In [1]:
# Note: this notebook is adapted from https://github.com/jranek/delve_benchmark/blob/main/notebooks/RPE_notebook.ipynb
%matplotlib inline

In [2]:
# Uncomment and run this cell if you're on Colab or Kaggle
# !pip install schub phate statannotations

# Delve Feature Selection for inferring RPE cell cycle trajectories

This tutorial shows about how to use delve {cite}`delve2024` to perform the feature selection for **inferring RPE cell cycle trajectories**.

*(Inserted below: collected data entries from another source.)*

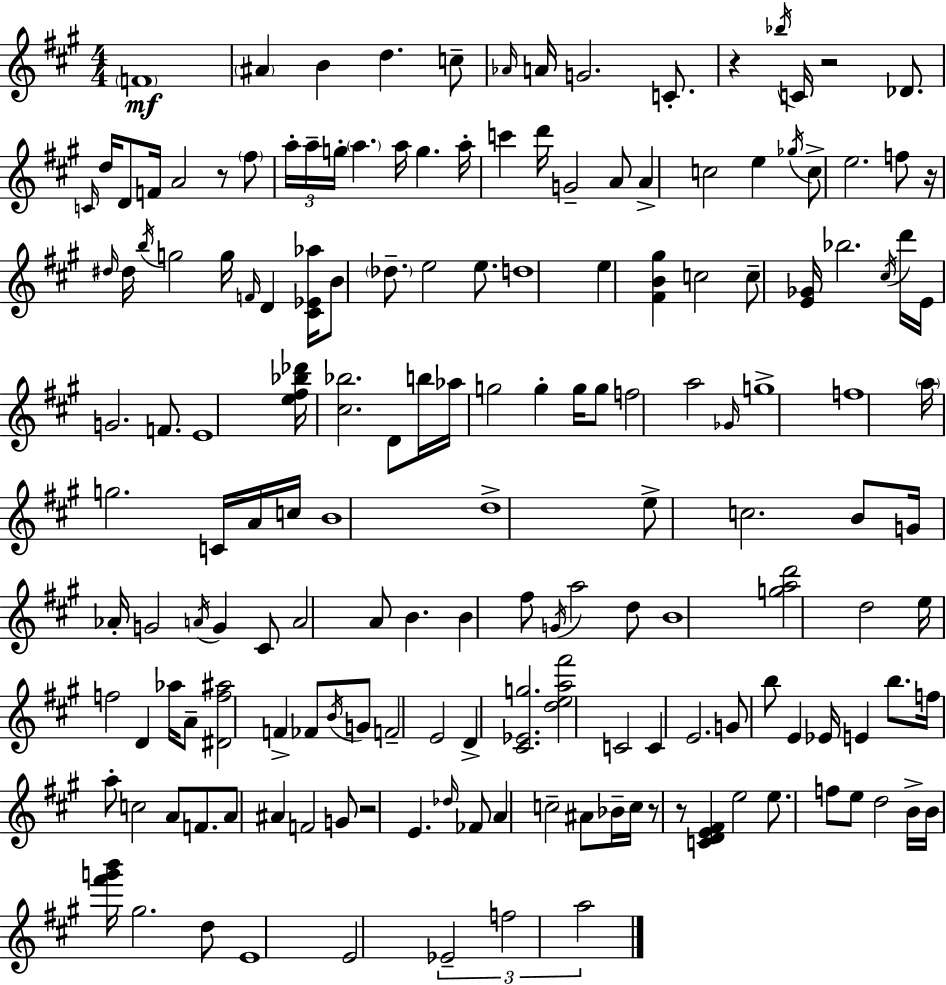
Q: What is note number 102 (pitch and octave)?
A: F4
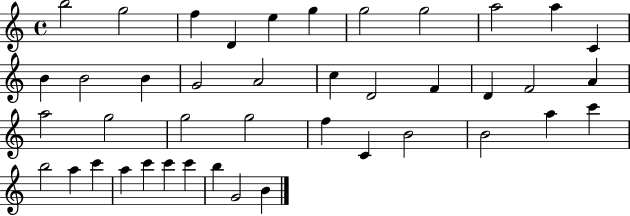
B5/h G5/h F5/q D4/q E5/q G5/q G5/h G5/h A5/h A5/q C4/q B4/q B4/h B4/q G4/h A4/h C5/q D4/h F4/q D4/q F4/h A4/q A5/h G5/h G5/h G5/h F5/q C4/q B4/h B4/h A5/q C6/q B5/h A5/q C6/q A5/q C6/q C6/q C6/q B5/q G4/h B4/q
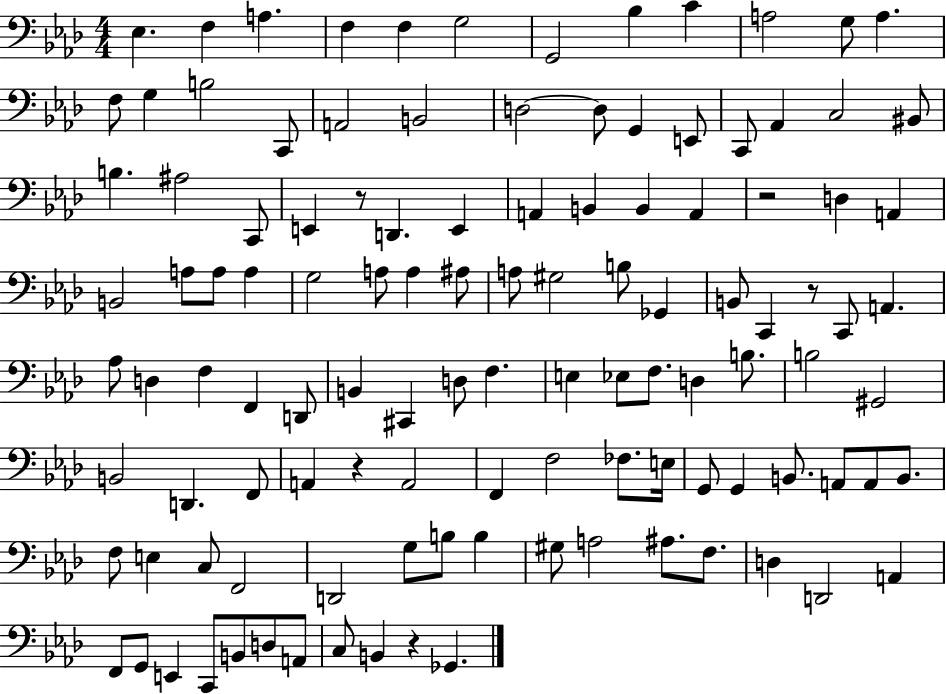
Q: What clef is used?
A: bass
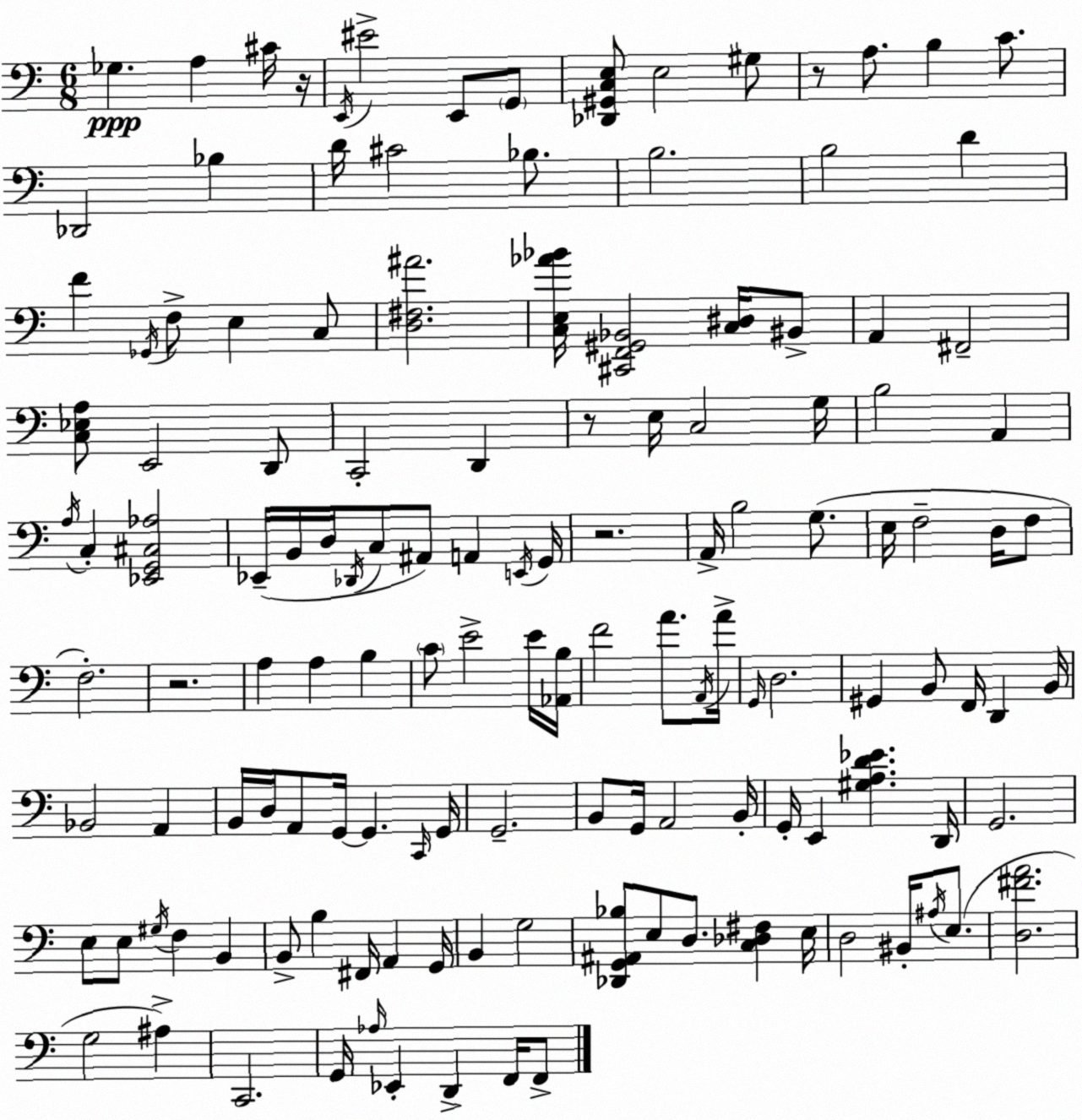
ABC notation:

X:1
T:Untitled
M:6/8
L:1/4
K:C
_G, A, ^C/4 z/4 E,,/4 ^E2 E,,/2 G,,/2 [_D,,^G,,C,E,]/2 E,2 ^G,/2 z/2 A,/2 B, C/2 _D,,2 _B, D/4 ^C2 _B,/2 B,2 B,2 D F _G,,/4 F,/2 E, C,/2 [D,^F,^A]2 [C,E,_A_B]/4 [^C,,F,,^G,,_B,,]2 [C,^D,]/4 ^B,,/2 A,, ^F,,2 [C,_E,A,]/2 E,,2 D,,/2 C,,2 D,, z/2 E,/4 C,2 G,/4 B,2 A,, A,/4 C, [_E,,G,,^C,_A,]2 _E,,/4 B,,/4 D,/4 _D,,/4 C,/2 ^A,,/2 A,, E,,/4 G,,/4 z2 A,,/4 B,2 G,/2 E,/4 F,2 D,/4 F,/2 F,2 z2 A, A, B, C/2 E2 E/4 [_A,,B,]/4 F2 A/2 A,,/4 A/4 G,,/4 D,2 ^G,, B,,/2 F,,/4 D,, B,,/4 _B,,2 A,, B,,/4 D,/4 A,,/2 G,,/4 G,, C,,/4 G,,/4 G,,2 B,,/2 G,,/4 A,,2 B,,/4 G,,/4 E,, [^G,A,D_E] D,,/4 G,,2 E,/2 E,/2 ^G,/4 F, B,, B,,/2 B, ^F,,/4 A,, G,,/4 B,, G,2 [_D,,G,,^A,,_B,]/2 E,/2 D,/2 [C,_D,^F,] E,/4 D,2 ^B,,/4 ^A,/4 E,/2 [D,^FA]2 G,2 ^A, C,,2 G,,/4 _A,/4 _E,, D,, F,,/4 F,,/2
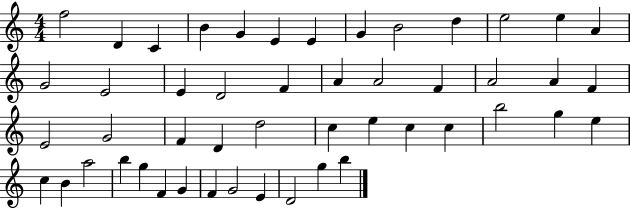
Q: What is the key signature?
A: C major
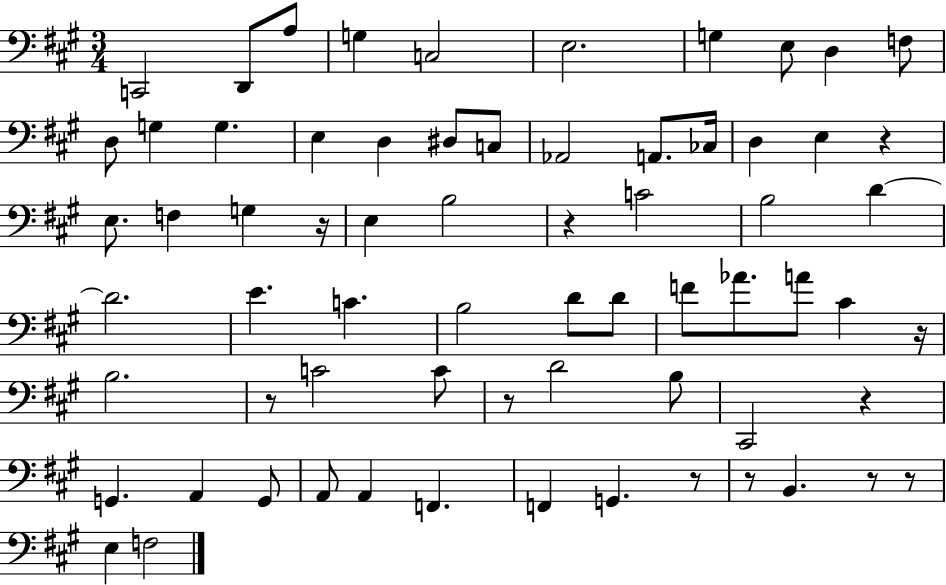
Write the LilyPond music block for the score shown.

{
  \clef bass
  \numericTimeSignature
  \time 3/4
  \key a \major
  c,2 d,8 a8 | g4 c2 | e2. | g4 e8 d4 f8 | \break d8 g4 g4. | e4 d4 dis8 c8 | aes,2 a,8. ces16 | d4 e4 r4 | \break e8. f4 g4 r16 | e4 b2 | r4 c'2 | b2 d'4~~ | \break d'2. | e'4. c'4. | b2 d'8 d'8 | f'8 aes'8. a'8 cis'4 r16 | \break b2. | r8 c'2 c'8 | r8 d'2 b8 | cis,2 r4 | \break g,4. a,4 g,8 | a,8 a,4 f,4. | f,4 g,4. r8 | r8 b,4. r8 r8 | \break e4 f2 | \bar "|."
}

To run this notebook, you need to first download the `RPE` dataset from this <a href="https://github.com/jranek/delve/blob/main/data/adata_RPE.h5ad">link</a>, and put the downloaded to an appropriate path so that the script below can succussfully read it.

In [3]:
import os
import pandas as pd
import scanpy as sc
import schub

import os.path as osp
from pathlib import Path

adata_directory = osp.join(osp.dirname(osp.abspath("__file__")), "../../_data") # may need to change to the correct path for the downloaded data
adata_path = osp.join(Path(adata_directory).resolve(), "adata_RPE.h5ad")
adata = sc.read_h5ad(adata_path)

  from .autonotebook import tqdm as notebook_tqdm


## Perform DELVE feature selection

In [4]:
n_selected = 30
knn = 10
trial = 0

# feature_directory = os.path.join('../data', 'RPE', 'predicted_features')
# delve_benchmark.pp.make_directory(feature_directory)
schub.pp.delve(adata, knn=knn, use_rep="X", n_clusters=5, num_subsamples=1000, random_state=10)
# get the results from prediction
delta_mean = adata.uns["delve"]["delta_mean"]

performing subsampling: 100%|█████████████████████████████████████████████████████████████| 1/1 [00:02<00:00,  2.75s/it]
clustering features and performing feature-wise permutation testing: 100%|██████████████| 10/10 [00:18<00:00,  1.82s/it]


In [5]:
# adata.var shows the results of delve, including the `module` and
# `delve` column is the Laplacian score of each gene, the smaller of this value, the better the feature
adata.var.head()

Unnamed: 0,delve,delve_cluster_id,delve_cluster_permutation_pval
Int_MeanEdge_AKT_cell,0.850076,static,0.807692
Int_MeanEdge_BP1_cell,0.937886,static,0.999001
Int_MeanEdge_Bcl2_cell,0.93774,static,0.999001
Int_MeanEdge_CDK2_cell,0.709052,static,0.717283
Int_MeanEdge_CDK4_cell,0.855912,static,0.999001


## Selected Cell Cycle related Genes

In [6]:
# show the most important 30 genes
selected_genes = adata.var['delve'].nsmallest(n_selected).index.tolist()
print(selected_genes)

['Int_Med_cycA_nuc', 'Int_Med_cycB1_cyto', 'Int_Med_cycB1_ring', 'Int_Med_cycB1_cell', 'Int_Med_Skp2_nuc', 'Int_Med_pRB_nuc', 'Int_Std_PCNA_nuc', 'Int_Intg_DNA_nuc', 'Int_MeanEdge_cycB1_cell', 'Int_Med_CDK2_nuc', 'Int_Med_pH2AX_nuc', 'Int_Med_cycB1_nuc', 'Int_Med_p21_nuc', 'Int_Med_E2F1_nuc', 'Int_Med_cycA_cyto', 'Int_Med_cycA_ring', 'Int_Med_RB_nuc', 'AreaShape_Area_nuc', 'Int_Med_pp65_nuc', 'Int_Med_cycA_cell', 'Int_Med_cycD1_nuc', 'Int_Med_GSK3b_nuc', 'Int_Med_pp53_nuc', 'Int_Med_Cdh1_nuc', 'Int_Med_Cdt1_nuc', 'Int_Med_pCHK1_nuc', 'Int_Med_p38_nuc', 'Int_Med_p27_nuc', 'Int_Med_cMyc_nuc', 'Int_Med_pp38_nuc']


From the selected gene list above, we can easily find that the most important ones are all cell cycle related.